Prompt: Your task is to print all of the data word for word.

[[ Data extract open ]]

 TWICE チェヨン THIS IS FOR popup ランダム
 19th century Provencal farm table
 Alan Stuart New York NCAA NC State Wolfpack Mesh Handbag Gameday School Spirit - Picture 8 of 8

[[ Data extract closed ]]

Expected output:
 TWICE チェヨン THIS IS FOR popup ランダム
 19th century Provencal farm table
 Alan Stuart New York NCAA NC State Wolfpack Mesh Handbag Gameday School Spirit - Picture 8 of 8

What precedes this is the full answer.